Reverse-engineering tasks

  • [Junior] Figure out how depth handling is different with a 16bit versus 24bit depth buffer. In particular, if depth clear values have to be changed and so on...
  • [Junior] Figure out how color buffer handling is different with a 16bit versus 32bit colors.
  • Figure out the commands emitted on NV10, NV20, NV30 and NV40 by the following enables : GL_AUTO_NORMAL, GL_COLOR_MATERIAL, GL_COLOR_SUM_EXT, GL_CONVOLUTION_1D, GL_INDEX_LOGIC_OP, GL_LINE_SMOOTH, GL_LINE_STIPPLE,GL_MAP1_COLOR_4, GL_MAP1_INDEX, GL_MAP1_NORMAL, GL_MAP1_TEXTURE_COORD_1, GL_MAP1_TEXTURE_COORD_2, GL_MAP1_TEXTURE_COORD_3, GL_MAP1_TEXTURE_COORD_4, GL_MAP1_VERTEX_3, GL_MAP1_VERTEX_4, GL_MAP2_COLOR_4, GL_MAP2_INDEX, GL_MAP2_NORMAL, GL_MAP2_TEXTURE_COORD_1, GL_MAP2_TEXTURE_COORD_2, GL_MAP2_TEXTURE_COORD_3, GL_MAP2_TEXTURE_COORD_4, GL_MAP2_VERTEX_3, GL_MAP2_VERTEX_4. refer ?GL also figure out if those enables are useful to any real OpenGL application.
  • unify the NV10_TCL, NV20_TCL and NV30_TCL offset names.
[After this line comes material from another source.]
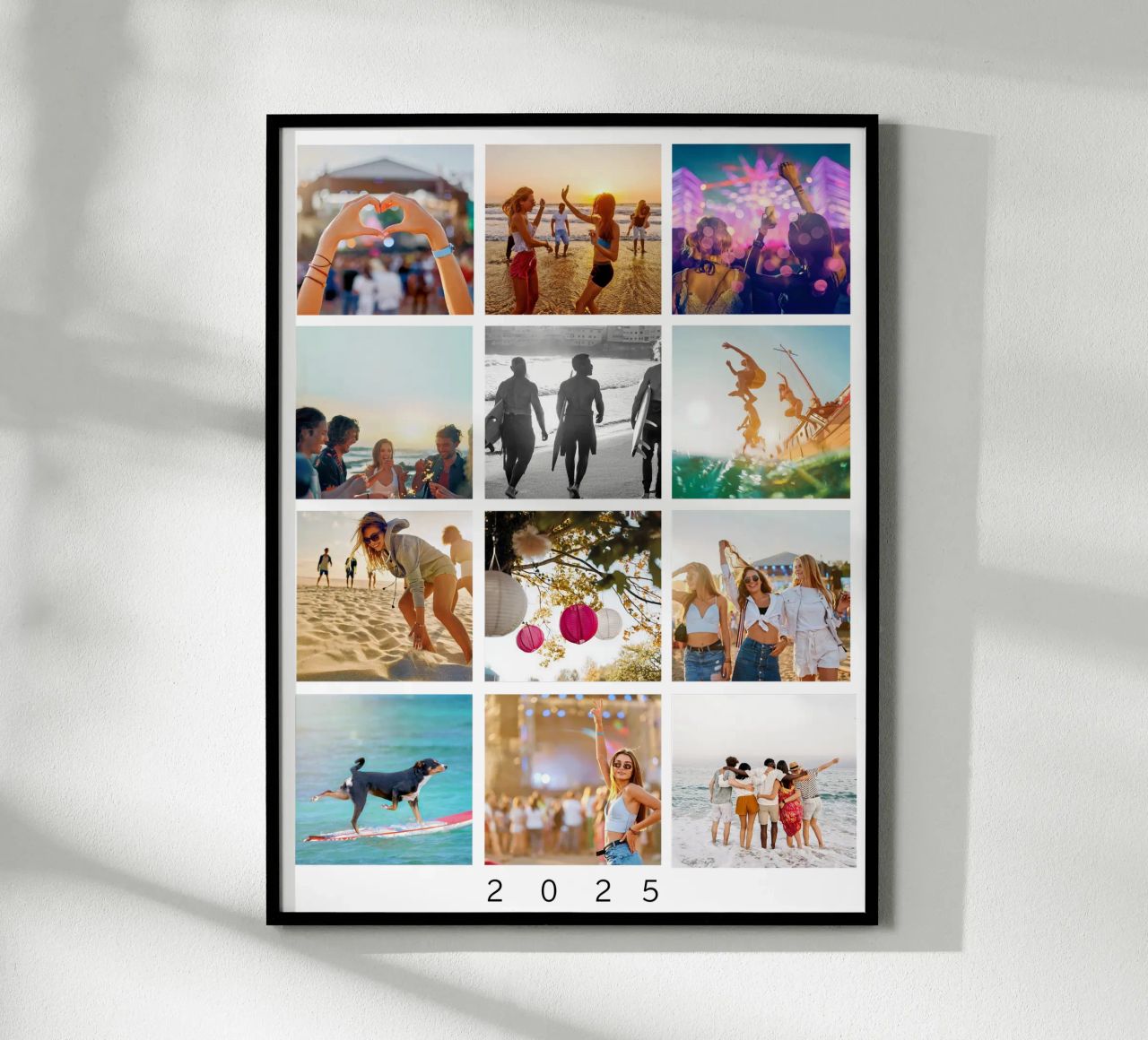 Your Story - personalisiert Poster von WORTSPIEL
Right now there are offsets for similar commands that bear different names.
  • [Junior with OpenGL knowledge] Write new tests for unexplored extensions.
  • [Junior] merge the xbox commands found in inner.txt into the NV20_TCL_PRIMITIVE object

Other items

  • [junior] Write a VRAM memtest tool. Map MMIO and use the PRAMIN (or PMEM) aperture to access the non-mappable VRAM, too. Make it a standalone tool, that does not use DRM, and restores the memory contents. Should be executed with GPU halted, i.e. in vga text mode or vesafb.